_ABOUT THIS TASK_: Exact copy, pictures excluded: write out every line below.
--- DATA EXCERPT ---
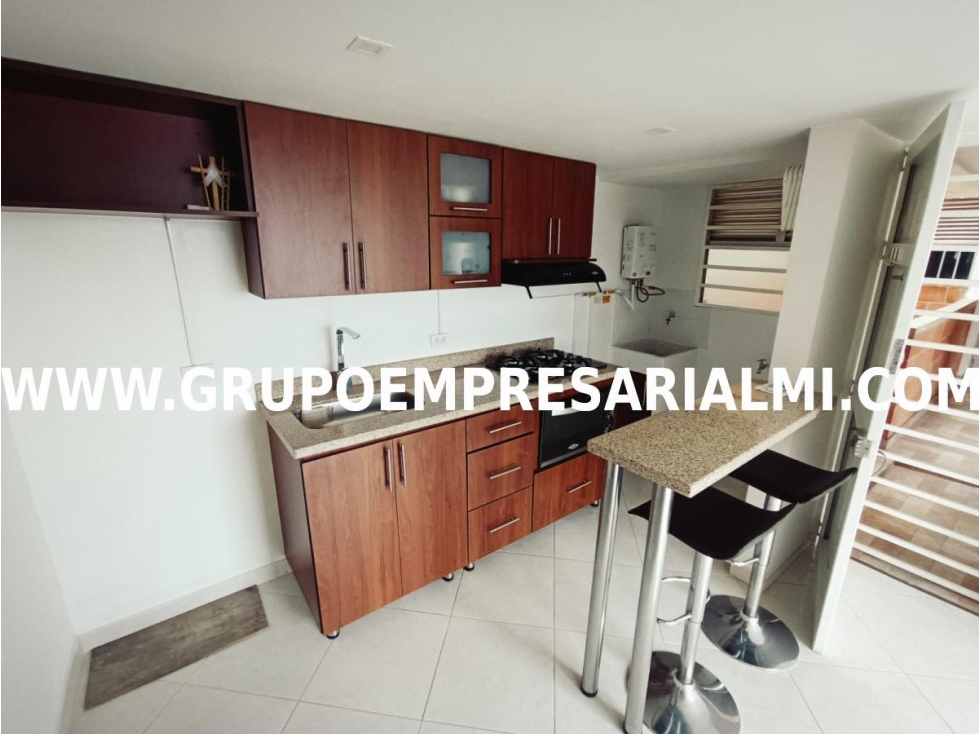 ESPECTACULAR APARTAMENTO EN VENTA - SECTOR LORETO COD: 30566 — foto 2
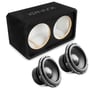 NVX NE102S w/ NVX VSW104 Version 3 thumbnail image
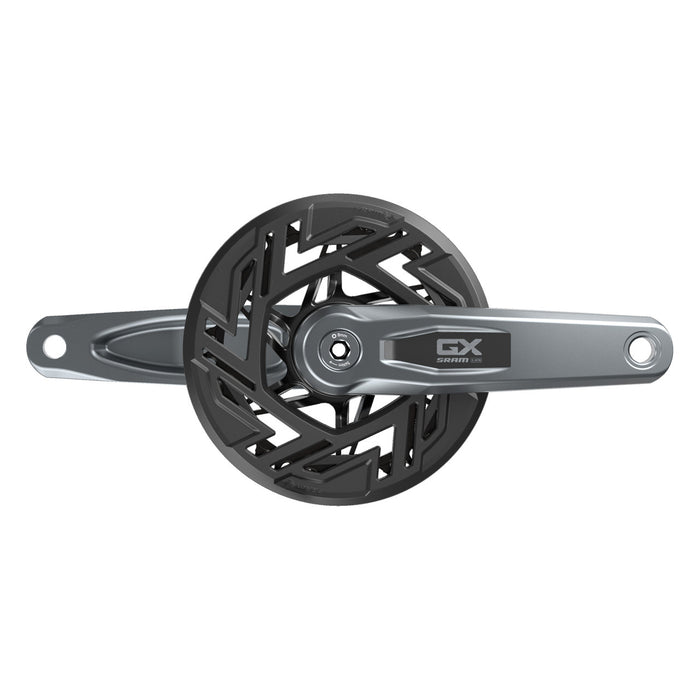 Gruppe SRAM GX EAGLE E-MTB BROSE ISIS AXS T-Type 36 Zähne Clip-On 10/52 Schlussverkauf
---
_OUTPUT FOR THIS TASK_:
 ESPECTACULAR APARTAMENTO EN VENTA - SECTOR LORETO COD: 30566 — foto 2
 NVX NE102S w/ NVX VSW104 Version 3 thumbnail image
 Gruppe SRAM GX EAGLE E-MTB BROSE ISIS AXS T-Type 36 Zähne Clip-On 10/52 Schlussverkauf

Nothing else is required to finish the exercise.